■ PROBLEM TO SOLVE:
For this exercise, retype each line of the material below verbatim and omit any picture.

■ PROVIDED MATERIAL:
* * *

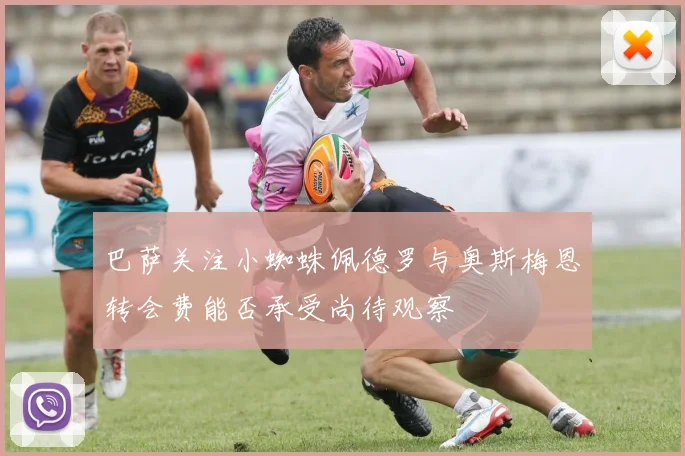 巴萨关注小蜘蛛佩德罗与奥斯梅恩转会费能否承受尚待观察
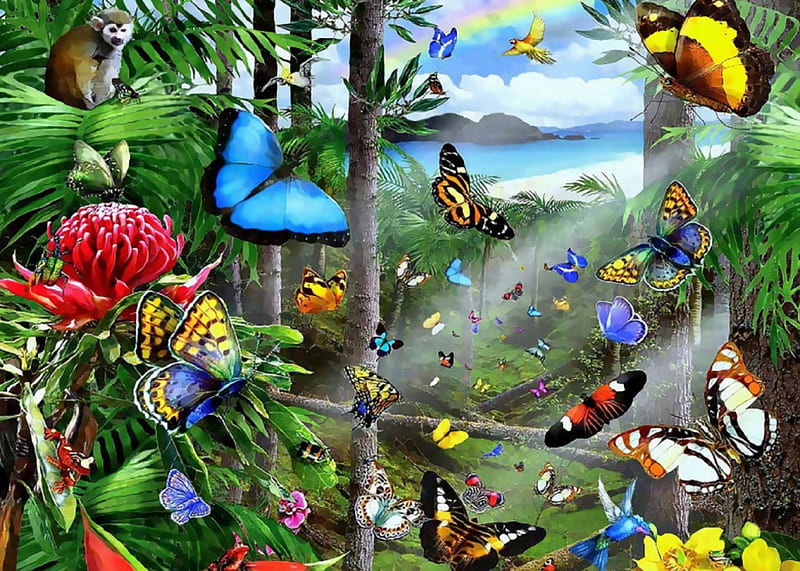 ★Tropical Butterflies★, softness beauty, attractions in dreams, bonito, digital art, seasons, tropicals, rainbows, monkey, paintings, flowers, forests, drawings, butterfly designs, insects, animals, lovely, colors, love four seasons, birds, creative pre-made, butterflies, trees, summer, wildlife, outdoor, HD wallpaper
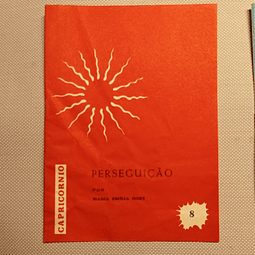 Perseguição (8)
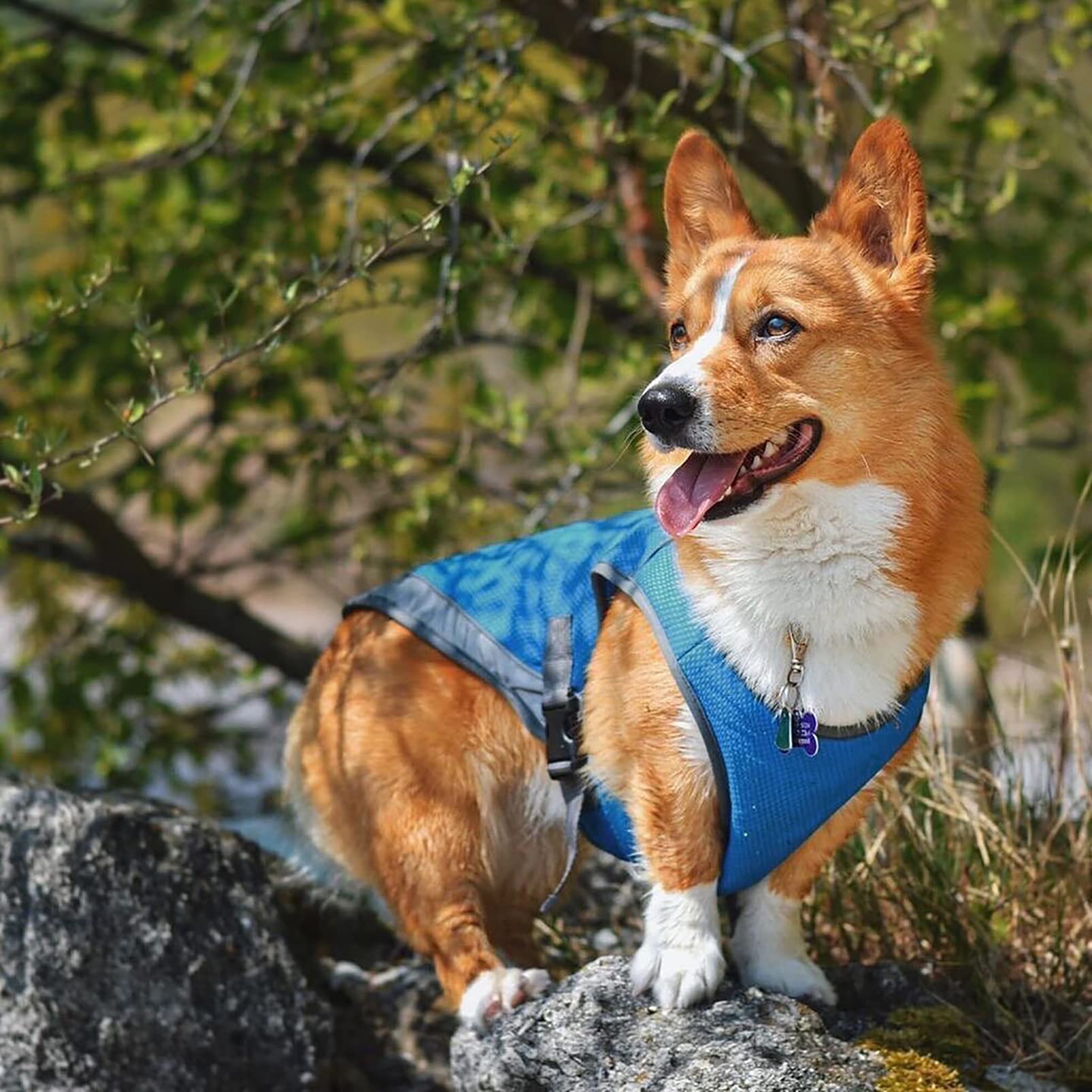CUTTE Kühlweste für Hunde, Verstellbar mit Reflektierendem Streifen Haustierkleidung Angstlinderung Sonnenschutz Atmungsaktive Kühljacke für Hunde,Blue,XXL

* * *

■ SOLUTION FOR THIS PROBLEM:
 巴萨关注小蜘蛛佩德罗与奥斯梅恩转会费能否承受尚待观察
 ★Tropical Butterflies★, softness beauty, attractions in dreams, bonito, digital art, seasons, tropicals, rainbows, monkey, paintings, flowers, forests, drawings, butterfly designs, insects, animals, lovely, colors, love four seasons, birds, creative pre-made, butterflies, trees, summer, wildlife, outdoor, HD wallpaper
 Perseguição (8)
CUTTE Kühlweste für Hunde, Verstellbar mit Reflektierendem Streifen Haustierkleidung Angstlinderung Sonnenschutz Atmungsaktive Kühljacke für Hunde,Blue,XXL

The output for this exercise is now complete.